Blisko miesiąc temu, 27 czerwca, policjanci Wydziału Kryminalnego KWP w Bydgoszczy w lesie, w gminie Cekcyn, w powiecie tucholskim, odkryli niezidentyfikowane zwłoki. Widok był makabryczny. Denat miał liczne obrażenia, skrępowane ciało, a na głowie worek. Policyjni eksperci z laboratorium kryminalistycznego oraz pionu kryminalnego od razu sprawę zakwalifikowali jako zabójstwo. Przy ofierze znaleziono portfel z dokumentami i pieniędzmi. Nieżyjącym okazał się obywatel Niemiec, polskiego pochodzenia. To ułatwiło działania. Dalsza praca wymagała ścisłej współpracy z policją niemiecką.
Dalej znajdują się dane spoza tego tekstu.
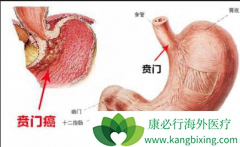 ��ʱ֪���������Ű�֢״����������Ч��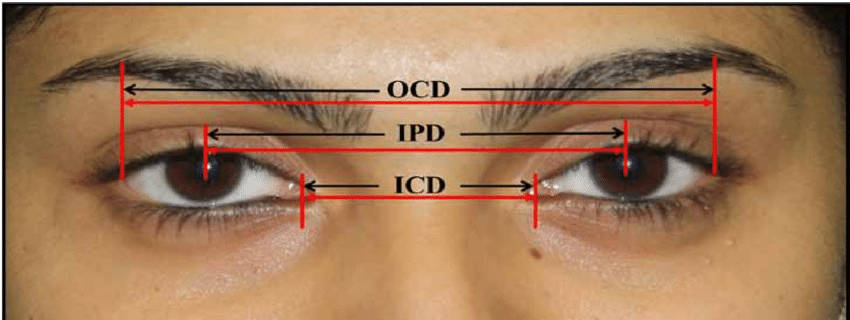 Canthal medial and lateral and interpupillary distance measurements OCD Distance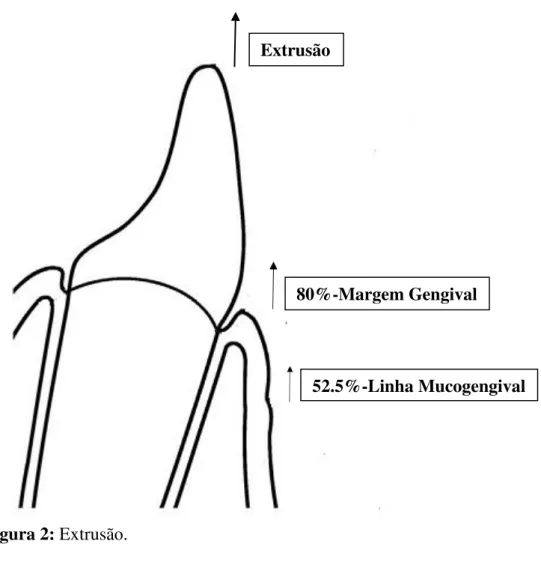 Figura 2: Extrusão. 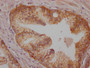 IHC image of CAC12012 diluted at 1:100 and staining in paraffin-embedded human prostate cancer performed on a Leica BondTM system. After dewaxing and hydration, antigen retrieval was mediated by high pressure in a citrate buffer (pH 6.0). Section was blocked with 10% normal goat serum 30min at RT. Then primary antibody (1% BSA) was incubated at 4? overnight. The primary is detected by a Goat anti-rabbit IgG polymer labeled by HRP and visualized using 0.05% DAB.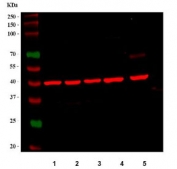Western blot testing of 1) human HepG2, 2) human HeLa, 3) human Jurkat, 4) human K562 and 5) mouse liver tissue lysate with ACAT2 antibody. Predicted molecular weight: ~41 kDa (isoform 1) and ~45 kDa (isoform 2).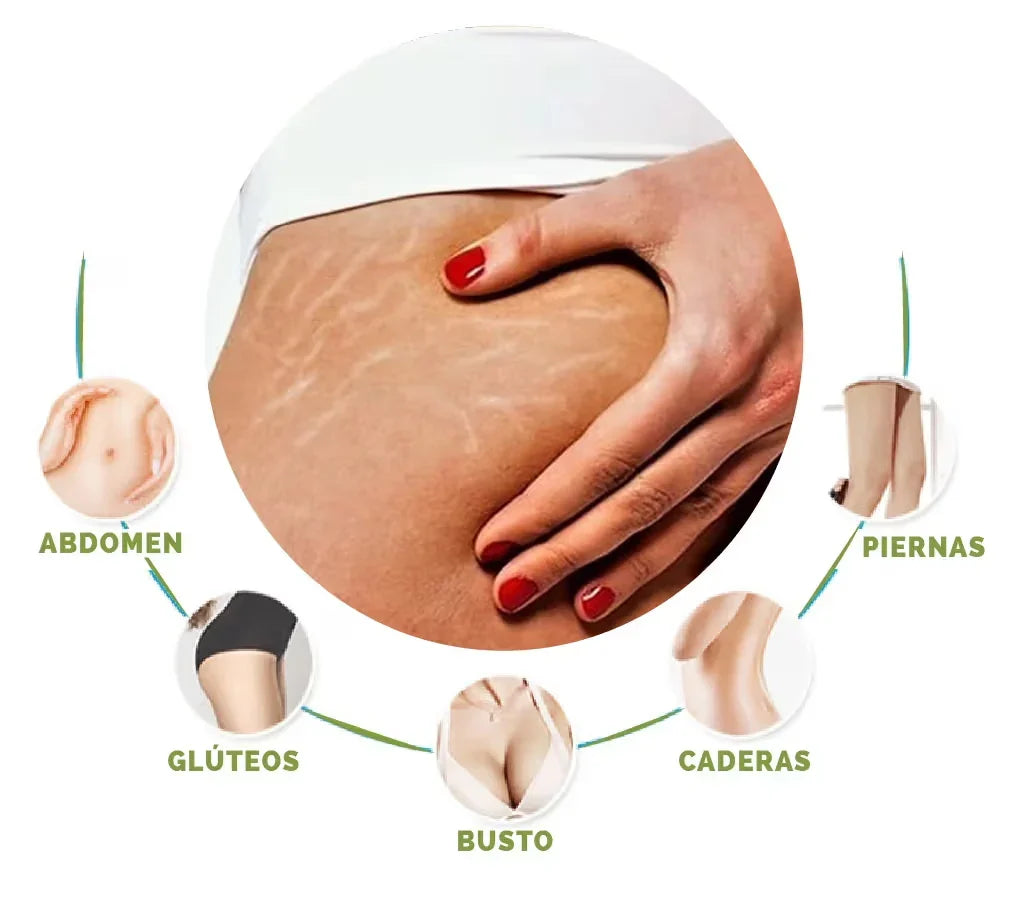 Skinrepair® Mejora la apariencia de tu piel!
Gromadzone przez policjantów informacje i wymiana ich ze stroną niemiecką pozwoliły na ustalenie, że motywem zabójstwa mogły być rozliczenia finansowe. Śledczy szybko wytypowali osoby, które mogły mieć związek ze zbrodnią. Jedna z nich miała dom w pobliżu Chojnic. Na terenie jej posesji policjanci zlustrowali mercedesa, w którym doszło prawdopodobnie do zabójstwa, odkryli częściowo spaloną odzież oraz vw passata, skradzionego na terenie Niemiec.

Działania śledcze i współpraca z niemiecką policją skłoniły 32-letniego Michała N. mieszkańca Berlina do zgłoszenia się do komendy policji w Szczecinie. Mężczyzna trafił następnie do policyjnej celi w Bydgoszczy. Wczoraj, 22 lipca, przesłuchiwany był w Prokuraturze Okręgowej w Bydgoszczy, gdzie usłyszał zarzut dokonania wspólnie z innymi osobami zabójstwa. Dzisiaj sąd przychylił się do wniosku prokuratora o tymczasowe aresztowanie podejrzanego na trzy miesiące.
Teraz policjanci pracują nad ustaleniem i zatrzymaniem pozostałych sprawców.